WORK INSTRUCTION:
The whole listing that follows, pictures excepted, should be printed again exactly as given.
STORED DATA Start Marker
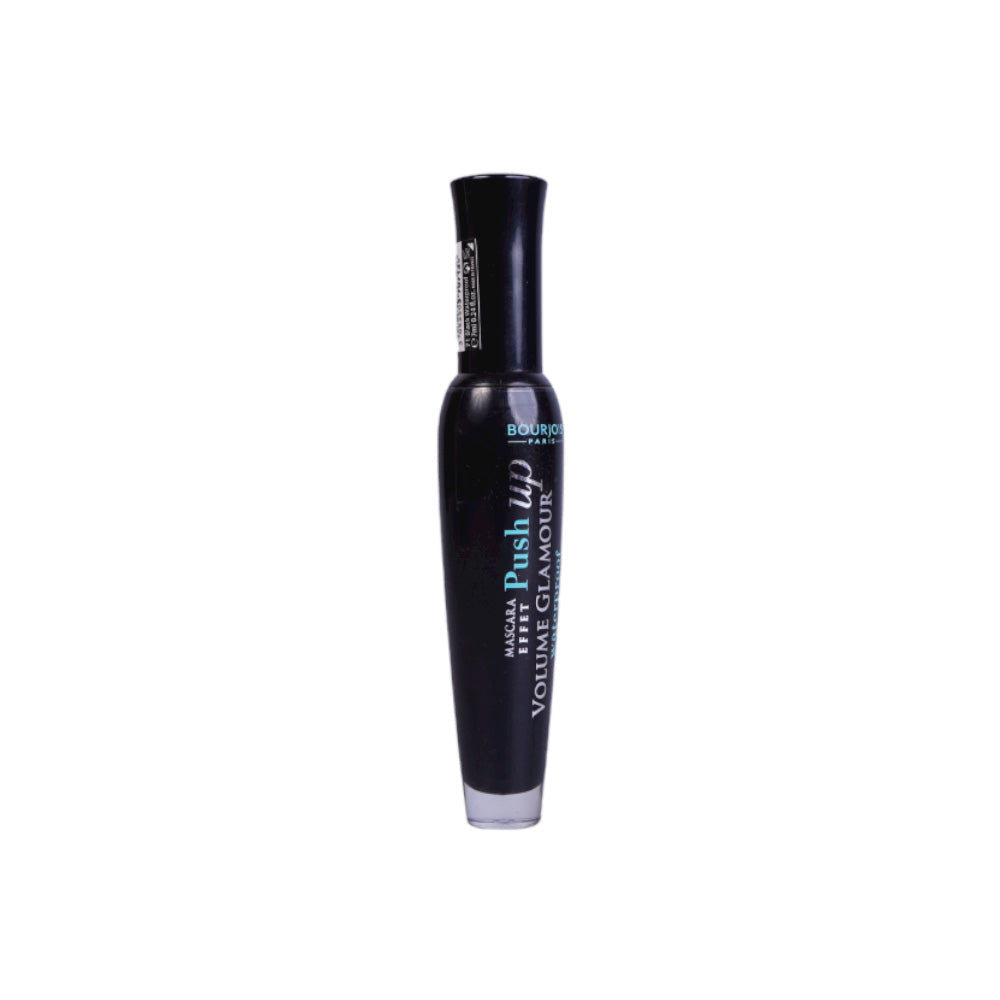 BOURJOIS MASCARA PUSH UP VOL GLA WATERPROOF 71 PC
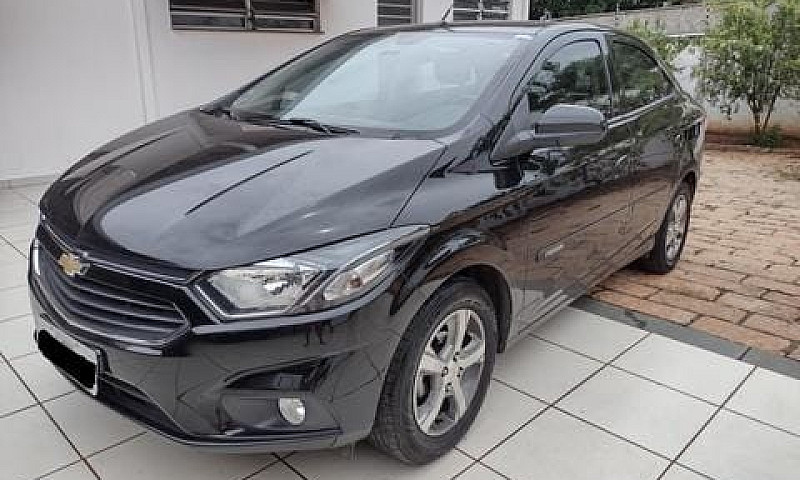 Chevrolet Prisma...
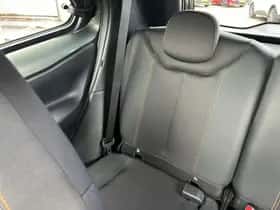 Toyota Aygo X (2022) thumbnail 22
STORED DATA End Marker
REPLY:
 BOURJOIS MASCARA PUSH UP VOL GLA WATERPROOF 71 PC
 Chevrolet Prisma...
 Toyota Aygo X (2022) thumbnail 22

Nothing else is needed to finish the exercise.